No pedido, o advogado do paciente relatou que a falta dos medicamentos Tigeciclina e Poliximina tem causado prejuízos à saúde a seu cliente, que é funcionário público da área de educação.
“A falta destes medicamentos vem piorando seu estado de saúde cada vez mais, trazendo diversas formas de mal-estar ao impetrante, e resultou no seu retorno pela terceira vez a ser internado na UTI. Em outras palavras, o perigo da demora resta evidenciado pelo atual estado de saúde do impetrante (que está muito agravado) e pela necessidade vital e urgente de fazer uso da medicação indicada ao seu caso, sob pena de enormes riscos a sua saúde”, destacou trecho da decisão.
A concessão de liminar deferida pelo Judiciário Estadual determina que a Sesau restabeleça o fornecimento do medicamento, no prazo máximo de 48 horas, em prazo reduzido, uma vez que considera a necessidade de urgência solicitada pelo paciente. Caso a decisão não seja respeitada, a pasta estará sujeita ao pagamento de multa diária no valor de R$ 500,00.
“Oportuno destacar que a receita médica não fundamenta a indispensabilidade da sua aquisição exclusivamente quanto a determinada marca, razão pela qual é possível ao impetrado fornecer produto similar, observando apenas o mesmo princípio ativo”, salientou.
Para a esposa o paciente, a também funcionária pública Izoneide Melo, 49 anos, a decisão judicial representa o fim de um calvário que já dura mais de um ano.
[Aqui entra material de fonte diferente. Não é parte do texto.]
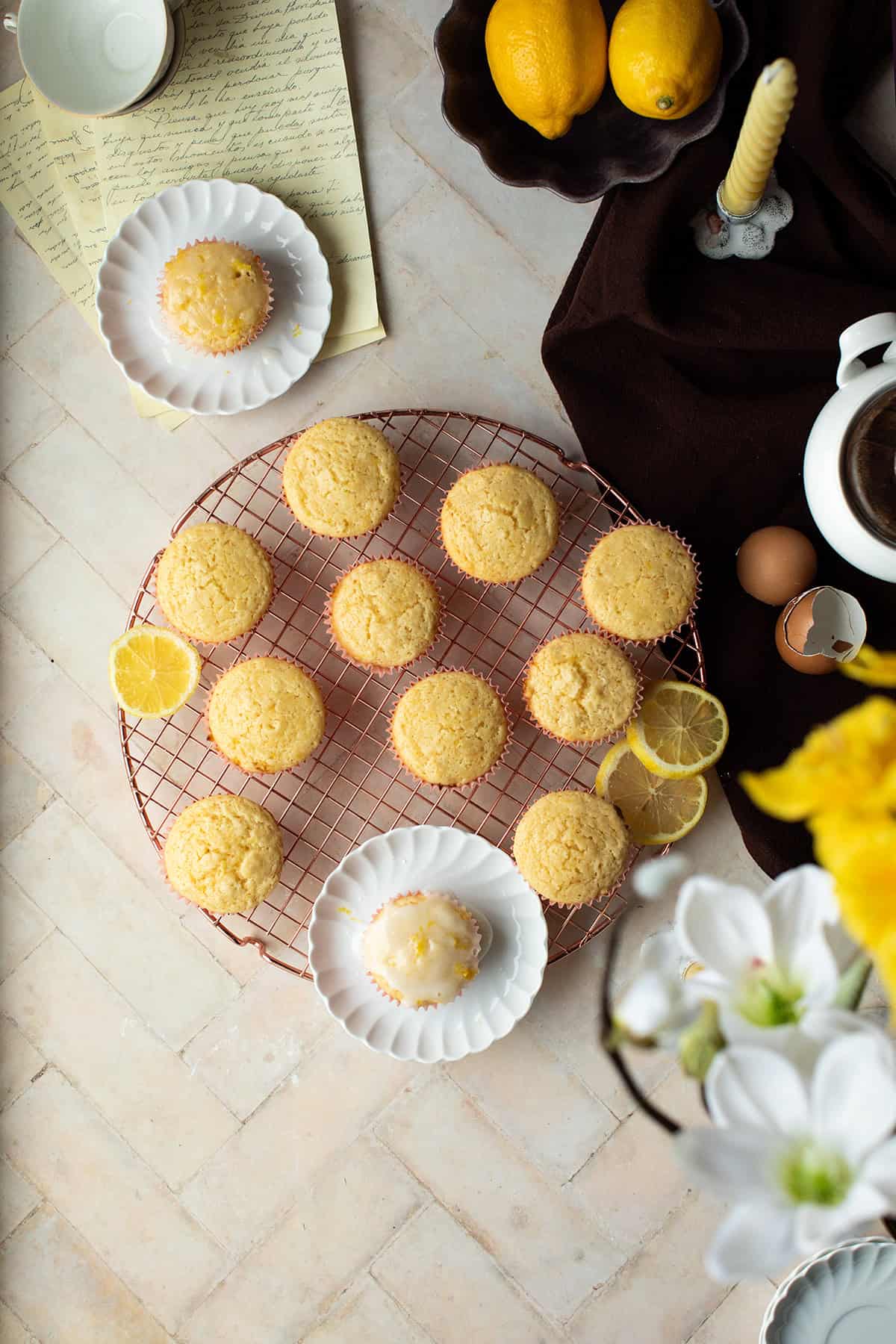 Cooling rack with lemon muffins.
O acidente que resultou na sua internação ocorreu em abril do ano passado, após cair de uma árvore e perfurar o abdômen em uma lança.
SOBRE O ACIDENTE
“O acidente foi em São Luiz e aí ele foi pra Rorainópolis, onde passou por uma cirurgia. No segundo dia após o procedimento, ele teve complicações e precisou ser transferido para o HGR [Hospital Geral de Roraima], onde no dia 18 de abril passou por outra cirurgia. Só que ele acabou piorando”, explicou a esposa do paciente.
Izoneide estima ainda que todos os gastos com os medicamentos mencionados na denúncia, que deveriam ser ofertados gratuitamente pelo estado, somam aproximadamente R$ 80 mil.
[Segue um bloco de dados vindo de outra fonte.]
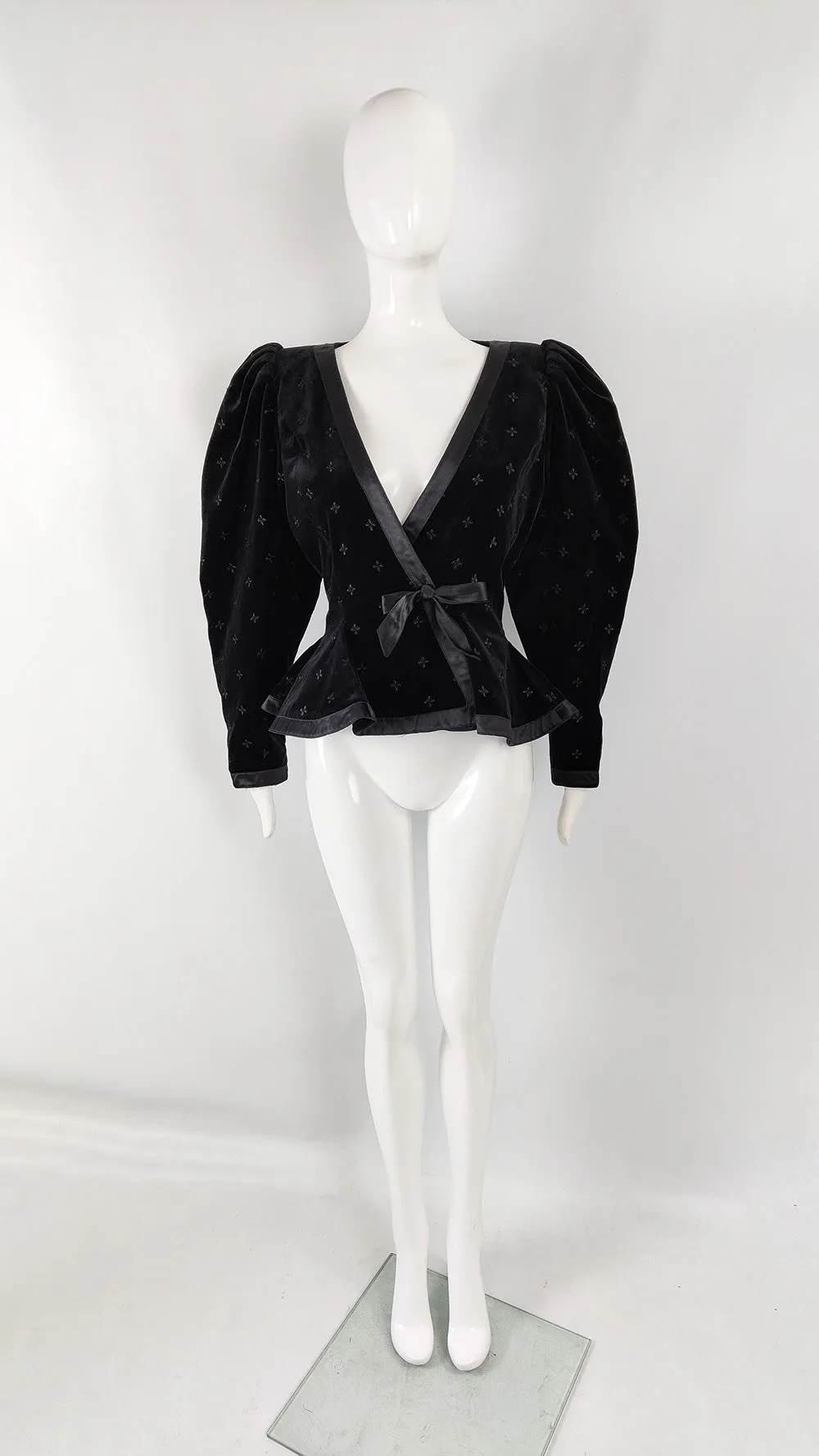 Emanuel Ungaro Vintage 1980s Puff Sleeve Velvet Peplum Jacket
“Entrei com esse mandado porque meu esposo está na UTI há mais de um ano. Nesse período ele acabou adquirindo uma série complicações [de Saúde] em recorrência de uma infecção hospitalar. Sempre dei um jeito de que correr atrás desses medicamentos, mas chegou um ponto que já não tinha como conseguir comprar [os remédios] por conta do valor”, lamentou.
CITADO
A Secretaria de Saúde informa que foi notificada sobre a decisão do Tribunal de Justiça de Roraima, nesta quinta-feira, 1°, e que está sendo feita a análise do documento pela Assessoria Jurídica para providências cabíveis.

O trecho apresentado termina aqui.